Despite a judge's recent decision that declared the regulation of the 2022 DACA program illegal, the Department of Homeland Security (DHS) clarified that its current beneficiaries continue to maintain their privileges intact and that they can request and receive renewal.
“There are no changes to the current deferred action grants, which are DACA Employment Authorization Documents (EAD) and advance parole, awarded under the original 2012 program. Those grants and EADs remain valid,” DHS explained .
These reminders are directed to DACA beneficiaries and also to employers, reiterating that work authorization remains in effect after the latest decision in the DACA litigation.
“As a result of these rulings, existing DACA recipients can apply for and receive renewal, even though the government cannot grant new DACA applications,” the document states.
It also indicates that the court's most recent order “does not require DHS or the Department of Justice to take any immigration, deportation or criminal action against any DACA beneficiary, applicant or beneficiary.
Some of the reminders that DHS makes about employment discrimination and the rights of immigrant employees are the following:
- DACA recipients with current EADs continue to be authorized to work.
- Workers who already have DACA can continue to renew their respective EADs.
- Those recipients are not required to tell their employers that they have DACA.
- Employers are not expected to know which employees, if any, have DACA, and court decisions on DACA do not require employers to review Forms I-9, re-verify employment authorization, or take any action.
- Employers are not required or encouraged to ask their employees or job applicants about their immigration status or whether they have DACA.
- Firing employees who have a legal right to work, such as DACA recipients with EAD, based on their immigration status, national origin, or assumptions about these characteristics may violate federal, state, or local law.
- Employers generally should not ask job applicants or employees for their specific information about citizenship or immigration status.
- DACA recipients do not have to volunteer information about their immigration status to their employers.
- When hiring a new employee, employers must verify the employee's identity and work authorization, not their immigration status.
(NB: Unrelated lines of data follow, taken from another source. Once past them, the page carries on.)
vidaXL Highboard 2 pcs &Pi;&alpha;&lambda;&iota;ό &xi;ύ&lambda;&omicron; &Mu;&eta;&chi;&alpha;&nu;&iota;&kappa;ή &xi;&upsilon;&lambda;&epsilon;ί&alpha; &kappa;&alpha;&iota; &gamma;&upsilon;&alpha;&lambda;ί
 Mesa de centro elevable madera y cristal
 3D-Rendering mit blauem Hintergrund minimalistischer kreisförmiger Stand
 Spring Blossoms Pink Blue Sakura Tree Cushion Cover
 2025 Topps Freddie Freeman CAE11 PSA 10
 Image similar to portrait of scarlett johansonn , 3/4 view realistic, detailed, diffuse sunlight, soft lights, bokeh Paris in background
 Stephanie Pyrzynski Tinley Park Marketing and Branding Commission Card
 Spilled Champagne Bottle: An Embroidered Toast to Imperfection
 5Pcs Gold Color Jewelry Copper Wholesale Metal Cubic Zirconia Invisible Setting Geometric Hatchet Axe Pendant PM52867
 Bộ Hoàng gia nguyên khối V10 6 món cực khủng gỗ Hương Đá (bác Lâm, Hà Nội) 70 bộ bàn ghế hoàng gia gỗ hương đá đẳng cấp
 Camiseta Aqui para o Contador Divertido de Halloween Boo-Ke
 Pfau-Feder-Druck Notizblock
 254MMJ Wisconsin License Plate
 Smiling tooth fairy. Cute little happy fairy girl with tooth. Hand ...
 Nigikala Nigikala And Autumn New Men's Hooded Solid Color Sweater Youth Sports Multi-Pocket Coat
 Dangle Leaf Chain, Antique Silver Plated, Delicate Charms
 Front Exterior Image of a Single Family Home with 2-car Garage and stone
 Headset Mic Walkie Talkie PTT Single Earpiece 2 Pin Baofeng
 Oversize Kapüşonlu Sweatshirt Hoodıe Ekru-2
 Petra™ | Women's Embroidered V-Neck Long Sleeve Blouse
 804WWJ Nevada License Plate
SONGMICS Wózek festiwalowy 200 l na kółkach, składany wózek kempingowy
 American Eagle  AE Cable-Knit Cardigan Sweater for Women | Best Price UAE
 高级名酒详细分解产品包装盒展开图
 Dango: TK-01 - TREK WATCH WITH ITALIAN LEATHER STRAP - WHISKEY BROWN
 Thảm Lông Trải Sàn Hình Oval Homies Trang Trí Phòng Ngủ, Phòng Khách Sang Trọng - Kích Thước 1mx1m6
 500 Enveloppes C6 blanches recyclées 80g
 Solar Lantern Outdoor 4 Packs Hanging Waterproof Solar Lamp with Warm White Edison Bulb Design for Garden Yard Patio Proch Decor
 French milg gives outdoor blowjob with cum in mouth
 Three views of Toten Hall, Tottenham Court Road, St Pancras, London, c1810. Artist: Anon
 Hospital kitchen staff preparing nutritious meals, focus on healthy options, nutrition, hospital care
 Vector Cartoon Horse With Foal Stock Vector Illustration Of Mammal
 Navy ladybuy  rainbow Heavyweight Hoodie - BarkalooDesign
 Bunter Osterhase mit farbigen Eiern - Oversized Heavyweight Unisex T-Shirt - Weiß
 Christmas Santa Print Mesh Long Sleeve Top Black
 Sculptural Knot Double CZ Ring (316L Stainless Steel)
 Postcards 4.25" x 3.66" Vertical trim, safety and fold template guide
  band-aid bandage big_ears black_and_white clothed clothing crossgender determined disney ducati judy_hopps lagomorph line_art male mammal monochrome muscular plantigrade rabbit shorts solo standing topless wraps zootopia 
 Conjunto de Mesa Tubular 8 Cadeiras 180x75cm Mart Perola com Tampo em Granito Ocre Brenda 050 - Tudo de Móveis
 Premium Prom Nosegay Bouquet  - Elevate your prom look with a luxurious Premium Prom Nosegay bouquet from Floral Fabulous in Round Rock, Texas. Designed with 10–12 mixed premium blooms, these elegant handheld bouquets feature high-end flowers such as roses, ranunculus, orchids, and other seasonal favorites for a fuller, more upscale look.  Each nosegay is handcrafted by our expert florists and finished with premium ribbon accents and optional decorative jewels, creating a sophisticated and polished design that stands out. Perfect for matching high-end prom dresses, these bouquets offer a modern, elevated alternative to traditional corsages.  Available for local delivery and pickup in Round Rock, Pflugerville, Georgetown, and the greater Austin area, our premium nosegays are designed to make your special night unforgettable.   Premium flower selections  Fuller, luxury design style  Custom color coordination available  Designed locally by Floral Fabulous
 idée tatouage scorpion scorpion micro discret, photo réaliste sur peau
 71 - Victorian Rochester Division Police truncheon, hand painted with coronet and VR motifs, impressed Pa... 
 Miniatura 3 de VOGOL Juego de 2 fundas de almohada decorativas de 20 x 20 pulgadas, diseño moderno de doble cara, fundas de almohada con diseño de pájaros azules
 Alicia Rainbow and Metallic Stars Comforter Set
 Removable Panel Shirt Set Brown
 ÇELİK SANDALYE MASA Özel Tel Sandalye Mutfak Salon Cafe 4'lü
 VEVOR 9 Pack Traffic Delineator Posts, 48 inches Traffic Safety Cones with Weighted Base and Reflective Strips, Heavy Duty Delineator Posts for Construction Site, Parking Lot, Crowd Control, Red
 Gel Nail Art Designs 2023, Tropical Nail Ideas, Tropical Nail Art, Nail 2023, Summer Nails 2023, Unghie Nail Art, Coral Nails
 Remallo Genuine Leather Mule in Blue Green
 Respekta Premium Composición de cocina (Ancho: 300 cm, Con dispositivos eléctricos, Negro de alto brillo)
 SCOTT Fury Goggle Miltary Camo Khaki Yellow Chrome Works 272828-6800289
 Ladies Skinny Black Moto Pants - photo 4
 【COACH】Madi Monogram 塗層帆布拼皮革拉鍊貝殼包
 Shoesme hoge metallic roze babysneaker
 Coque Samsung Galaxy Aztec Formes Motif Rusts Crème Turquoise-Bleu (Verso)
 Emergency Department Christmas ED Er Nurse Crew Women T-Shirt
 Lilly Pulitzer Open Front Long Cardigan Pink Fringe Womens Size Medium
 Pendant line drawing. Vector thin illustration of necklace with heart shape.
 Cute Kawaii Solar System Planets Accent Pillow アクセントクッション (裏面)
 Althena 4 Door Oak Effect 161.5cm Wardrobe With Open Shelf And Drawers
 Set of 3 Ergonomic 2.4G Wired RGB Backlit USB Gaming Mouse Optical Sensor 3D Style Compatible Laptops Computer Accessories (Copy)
Employers use Form I-9 for this process.
- The Department of Homeland Security's rules for verifying an employee's work authorization explain that employers must accept documentation that reasonably appears genuine and related to the employee, and cannot reject documents because of a future expiration date.
- Employers should not question whether an employee's Form I-9 documentation is valid due to the employee's citizenship, immigration status, or national origin. Employers who treat employees differently when verifying work authorization based on these or other protected characteristics could violate federal law.